Farmers' market, Willunga, SA

The driving force behind the formation of the Australian Farmers’ Markets Association, and its first President, was food writer and marketing consultant Jane Adams. She was the recipient of the Geoffrey Roberts Award (1997), an international fellowship that facilitated her research of American farmers’ markets. Returning from her study tour, she gave her first workshop on how to start a farmers’ market in Orange, NSW in 1999. Adams continued to deliver workshops and was instrumental in introducing farmers’ markets to rural, regional and urban communities. The Association was formed in 2003.

The farmers’ market movement had been growing overseas for nearly two decades before it gained traction here in Australia. An Australian report into farmers’ markets in 2004 quoted overseas figures of more than 3500 such markets in the USA and 450 in the UK having been developed since the early 1980s.

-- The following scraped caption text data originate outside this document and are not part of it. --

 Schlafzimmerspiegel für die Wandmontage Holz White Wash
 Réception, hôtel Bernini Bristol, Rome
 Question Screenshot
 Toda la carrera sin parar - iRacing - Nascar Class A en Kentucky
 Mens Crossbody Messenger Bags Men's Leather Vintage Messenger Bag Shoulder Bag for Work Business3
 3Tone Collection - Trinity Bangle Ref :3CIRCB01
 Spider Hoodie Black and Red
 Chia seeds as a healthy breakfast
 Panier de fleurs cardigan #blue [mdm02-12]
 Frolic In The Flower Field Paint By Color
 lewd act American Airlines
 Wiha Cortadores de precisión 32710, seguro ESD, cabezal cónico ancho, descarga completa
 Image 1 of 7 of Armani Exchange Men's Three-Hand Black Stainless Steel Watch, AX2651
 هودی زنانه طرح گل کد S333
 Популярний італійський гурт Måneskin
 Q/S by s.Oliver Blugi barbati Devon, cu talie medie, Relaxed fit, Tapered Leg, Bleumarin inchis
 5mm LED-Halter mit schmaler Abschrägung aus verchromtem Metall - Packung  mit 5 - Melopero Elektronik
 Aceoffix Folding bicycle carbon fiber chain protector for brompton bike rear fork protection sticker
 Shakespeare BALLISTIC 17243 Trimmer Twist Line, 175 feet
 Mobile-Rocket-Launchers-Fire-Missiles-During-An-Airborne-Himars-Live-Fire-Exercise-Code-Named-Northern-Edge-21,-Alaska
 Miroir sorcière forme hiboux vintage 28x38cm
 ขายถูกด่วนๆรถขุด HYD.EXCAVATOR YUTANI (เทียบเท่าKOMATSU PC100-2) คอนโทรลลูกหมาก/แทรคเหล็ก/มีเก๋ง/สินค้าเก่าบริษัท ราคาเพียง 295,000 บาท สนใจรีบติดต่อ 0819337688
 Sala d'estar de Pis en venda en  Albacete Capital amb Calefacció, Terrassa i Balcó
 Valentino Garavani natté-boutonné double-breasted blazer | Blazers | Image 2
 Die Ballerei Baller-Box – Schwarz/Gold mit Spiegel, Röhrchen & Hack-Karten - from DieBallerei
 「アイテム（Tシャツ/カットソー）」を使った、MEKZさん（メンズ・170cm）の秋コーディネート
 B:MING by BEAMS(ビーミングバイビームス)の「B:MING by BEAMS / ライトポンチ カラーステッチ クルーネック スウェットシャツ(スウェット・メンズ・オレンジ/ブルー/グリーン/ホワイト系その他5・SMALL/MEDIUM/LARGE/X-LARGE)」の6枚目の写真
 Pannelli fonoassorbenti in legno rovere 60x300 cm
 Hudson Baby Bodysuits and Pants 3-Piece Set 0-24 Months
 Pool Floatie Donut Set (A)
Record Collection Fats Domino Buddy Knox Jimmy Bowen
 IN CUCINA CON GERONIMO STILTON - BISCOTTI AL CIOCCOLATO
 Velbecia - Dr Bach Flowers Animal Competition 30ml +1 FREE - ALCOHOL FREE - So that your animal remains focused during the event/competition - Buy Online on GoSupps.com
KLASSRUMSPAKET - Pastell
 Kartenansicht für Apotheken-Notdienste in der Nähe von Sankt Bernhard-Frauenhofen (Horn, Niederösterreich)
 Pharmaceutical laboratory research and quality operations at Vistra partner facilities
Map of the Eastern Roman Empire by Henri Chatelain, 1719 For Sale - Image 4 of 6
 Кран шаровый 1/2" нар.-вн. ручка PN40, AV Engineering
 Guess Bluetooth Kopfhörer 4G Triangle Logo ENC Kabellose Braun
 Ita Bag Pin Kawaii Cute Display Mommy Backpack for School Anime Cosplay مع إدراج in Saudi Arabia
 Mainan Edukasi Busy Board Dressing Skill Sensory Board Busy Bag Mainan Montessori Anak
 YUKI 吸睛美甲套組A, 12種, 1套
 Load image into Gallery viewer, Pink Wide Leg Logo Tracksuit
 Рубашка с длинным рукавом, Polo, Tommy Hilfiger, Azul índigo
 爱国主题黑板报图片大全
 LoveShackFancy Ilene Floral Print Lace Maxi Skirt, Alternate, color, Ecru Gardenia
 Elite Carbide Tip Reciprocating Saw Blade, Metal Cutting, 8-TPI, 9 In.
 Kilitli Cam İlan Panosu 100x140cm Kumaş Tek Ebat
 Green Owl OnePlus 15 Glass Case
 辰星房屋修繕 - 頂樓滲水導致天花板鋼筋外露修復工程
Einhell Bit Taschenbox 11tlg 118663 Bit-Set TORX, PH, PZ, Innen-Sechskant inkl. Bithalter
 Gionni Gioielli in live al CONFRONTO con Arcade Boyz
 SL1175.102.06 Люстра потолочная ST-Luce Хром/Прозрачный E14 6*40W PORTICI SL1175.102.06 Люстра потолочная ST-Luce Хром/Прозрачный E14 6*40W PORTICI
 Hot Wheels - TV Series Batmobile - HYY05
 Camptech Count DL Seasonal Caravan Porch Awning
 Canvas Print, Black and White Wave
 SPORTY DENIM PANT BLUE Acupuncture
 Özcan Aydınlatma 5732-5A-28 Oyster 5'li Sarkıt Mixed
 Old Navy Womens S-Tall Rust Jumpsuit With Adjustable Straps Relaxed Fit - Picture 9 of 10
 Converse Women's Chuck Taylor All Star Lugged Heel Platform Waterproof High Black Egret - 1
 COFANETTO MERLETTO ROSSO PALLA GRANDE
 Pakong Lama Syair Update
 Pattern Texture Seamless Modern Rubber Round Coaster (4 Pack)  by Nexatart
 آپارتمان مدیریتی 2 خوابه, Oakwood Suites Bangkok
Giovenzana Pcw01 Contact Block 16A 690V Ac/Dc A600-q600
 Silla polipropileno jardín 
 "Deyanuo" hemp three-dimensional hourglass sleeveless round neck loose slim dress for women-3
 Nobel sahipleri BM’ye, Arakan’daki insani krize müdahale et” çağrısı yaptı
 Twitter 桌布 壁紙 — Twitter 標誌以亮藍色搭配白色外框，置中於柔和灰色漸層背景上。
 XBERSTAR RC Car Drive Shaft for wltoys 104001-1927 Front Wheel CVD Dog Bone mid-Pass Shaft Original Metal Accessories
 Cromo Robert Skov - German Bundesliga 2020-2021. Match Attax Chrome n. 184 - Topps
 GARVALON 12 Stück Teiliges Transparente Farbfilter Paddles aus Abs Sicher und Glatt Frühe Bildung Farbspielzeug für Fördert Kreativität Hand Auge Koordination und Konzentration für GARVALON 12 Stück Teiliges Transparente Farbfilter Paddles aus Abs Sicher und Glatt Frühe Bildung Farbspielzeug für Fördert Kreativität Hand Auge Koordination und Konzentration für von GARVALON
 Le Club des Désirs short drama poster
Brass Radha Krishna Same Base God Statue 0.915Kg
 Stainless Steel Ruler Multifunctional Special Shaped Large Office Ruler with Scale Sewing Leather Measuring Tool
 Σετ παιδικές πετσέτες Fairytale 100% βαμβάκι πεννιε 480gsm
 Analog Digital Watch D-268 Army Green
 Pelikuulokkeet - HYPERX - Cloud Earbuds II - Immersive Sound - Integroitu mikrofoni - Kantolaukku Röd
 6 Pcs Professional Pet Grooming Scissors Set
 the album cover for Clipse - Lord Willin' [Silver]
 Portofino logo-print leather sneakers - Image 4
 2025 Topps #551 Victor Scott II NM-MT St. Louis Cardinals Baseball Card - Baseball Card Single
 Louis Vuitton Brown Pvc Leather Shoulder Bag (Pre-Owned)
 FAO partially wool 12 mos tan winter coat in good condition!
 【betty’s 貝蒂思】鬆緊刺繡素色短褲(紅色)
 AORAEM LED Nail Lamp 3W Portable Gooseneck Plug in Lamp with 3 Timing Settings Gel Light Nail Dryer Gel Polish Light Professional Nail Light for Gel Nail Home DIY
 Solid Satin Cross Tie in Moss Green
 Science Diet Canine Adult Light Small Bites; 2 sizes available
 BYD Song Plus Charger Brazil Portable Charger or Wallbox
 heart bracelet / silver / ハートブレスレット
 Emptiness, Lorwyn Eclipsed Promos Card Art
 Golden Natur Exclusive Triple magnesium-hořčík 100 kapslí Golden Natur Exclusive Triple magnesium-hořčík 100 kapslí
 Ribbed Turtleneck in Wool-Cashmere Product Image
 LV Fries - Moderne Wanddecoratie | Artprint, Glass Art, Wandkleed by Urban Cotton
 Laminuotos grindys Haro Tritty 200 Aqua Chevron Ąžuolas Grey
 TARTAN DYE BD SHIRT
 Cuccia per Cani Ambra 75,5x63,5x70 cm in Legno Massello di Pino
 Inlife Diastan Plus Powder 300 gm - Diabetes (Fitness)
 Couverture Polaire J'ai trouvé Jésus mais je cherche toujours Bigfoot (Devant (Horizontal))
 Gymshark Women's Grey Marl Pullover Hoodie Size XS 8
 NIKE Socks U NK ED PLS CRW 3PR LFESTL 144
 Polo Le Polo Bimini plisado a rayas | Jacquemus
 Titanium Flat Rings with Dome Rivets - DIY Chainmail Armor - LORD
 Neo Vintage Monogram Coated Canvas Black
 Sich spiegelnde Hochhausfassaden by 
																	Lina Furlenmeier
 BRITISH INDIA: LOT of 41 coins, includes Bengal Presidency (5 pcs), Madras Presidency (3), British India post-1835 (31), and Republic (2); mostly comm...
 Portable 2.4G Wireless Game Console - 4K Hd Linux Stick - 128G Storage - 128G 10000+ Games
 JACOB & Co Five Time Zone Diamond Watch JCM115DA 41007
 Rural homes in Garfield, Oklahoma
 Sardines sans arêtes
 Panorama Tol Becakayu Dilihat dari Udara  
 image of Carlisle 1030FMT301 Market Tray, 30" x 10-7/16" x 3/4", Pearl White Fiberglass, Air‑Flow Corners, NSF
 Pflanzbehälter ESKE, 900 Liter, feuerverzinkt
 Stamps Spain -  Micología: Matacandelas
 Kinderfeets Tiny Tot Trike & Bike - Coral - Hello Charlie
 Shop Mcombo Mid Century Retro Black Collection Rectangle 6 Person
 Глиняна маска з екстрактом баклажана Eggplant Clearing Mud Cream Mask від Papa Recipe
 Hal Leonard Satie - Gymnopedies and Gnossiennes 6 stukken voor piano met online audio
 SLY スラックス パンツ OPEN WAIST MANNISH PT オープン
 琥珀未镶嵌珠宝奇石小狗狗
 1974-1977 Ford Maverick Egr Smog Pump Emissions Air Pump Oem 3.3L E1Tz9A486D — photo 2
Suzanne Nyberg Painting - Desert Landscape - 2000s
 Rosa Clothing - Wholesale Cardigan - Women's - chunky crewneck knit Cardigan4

Adams worked with community groups from Albany to Auckland to establish farmers’ markets in regional and urban centres in Australia and New Zealand.

The Australian Farmers’ Markets Association is a voluntary organisation and continues to be a voice for the farmers’ market movement, promoting best practice and providing training and support. The AFMA website describes the purpose of the association as follows:

The Australian Farmers’ Markets Association (AFMA) is a voluntary organisation convened in 2003 to create a networking entity committed to supporting the development and growth of best-practice and sustainable farmers’ markets across Australia. 

The Association has strict rules as to what constitutes a Farmers’ Market. They state that:

The Farmers’ Market is defined as a predominantly fresh food market that operates regularly within a community at a focal public location that provides a suitable environment for farmers and specialty food producers to sell farm-origin and associated value-added specialty foods for human consumption and plant products directly to customers.

By 2005, farmers’ markets in Australia were turning over around $40 million per year.